Sembra di capire che il v. 1 riguardi il caso di un padrone qualunque, cioè non cristiano, mentre che il v. 2 analizzi il caso di un padrone cristiano. A questa possibile interpretazione del v. 1 spinge l’espressione di Paolo che suona in termini generici e sfumati: «Quanti sono schiavi sotto un (qualunque) giogo» (traduzione letterale), mentre è evidente che i padroni del v. 2 sono cristiani, perché vengono chiamati fratelli, credenti e amati. Inoltre il pericolo paventato nel caso di un comportamento non esemplare da parte di uno schiavo cristiano risulta più frequente, nella Bibbia, da parte di pagani, cioè non credenti, non ebrei, i quali si trovano a bestemmiare il nome del Dio di Israele quando vedono Israele che sbaglia (cf. per es. Is 52,5).
Nei confronti di un padrone non cristiano lo schiavo cristiano è invitato da Paolo a trattarlo con ogni rispetto: l’espressione è identica in 1 Tm 5,17 («I presbiteri che esercitano bene la presidenza siano trattati con doppio onore»), dove la stessa parola è tradotta col termine «onore».

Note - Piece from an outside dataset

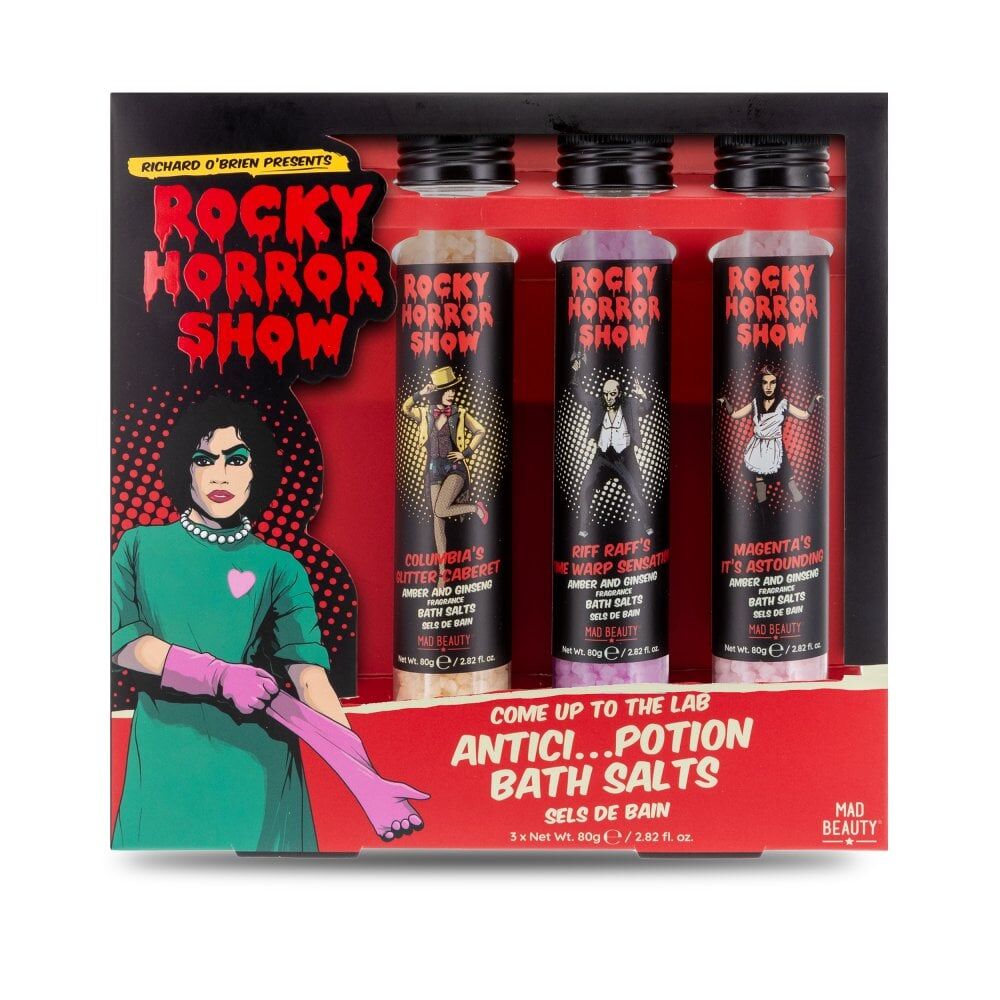 Rocky Horror Show Amber and Ginseng Potion Bottle Shaped Bubble Bath Trio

Nei confronti di un padrone cristiano, di conseguenza, aumentano i motivi di dipendenza da parte di uno schiavo cristiano: lo servano ancor meglio o di più, non tanto perché è un padrone ma appunto perché è un fratello. Si può ricordare in proposito il comandamento nuovo lasciato da Gesù ai suoi discepoli durante l’ultima cena secondo il Vangelo di Giovanni: «Quando dunque ebbe lavato loro i piedi e riprese le vesti, sedette di nuovo e disse loro: Sapete ciò che vi ho fatto? Voi mi chiamate Maestro e Signore e dite bene, perché lo sono. Se dunque io, il Signore e il Maestro, ho lavato i vostri piedi, anche voi dovete lavarvi i piedi gli uni gli altri. Vi ho dato infatti l’esempio, perché come ho fatto io, facciate anche voi. In verità, in verità vi dico: un servo non è più grande del suo padrone, né un apostolo è più grande di chi lo ha mandato. Sapendo queste cose, sarete beati se le metterete in pratica» (Gv 13,12-17).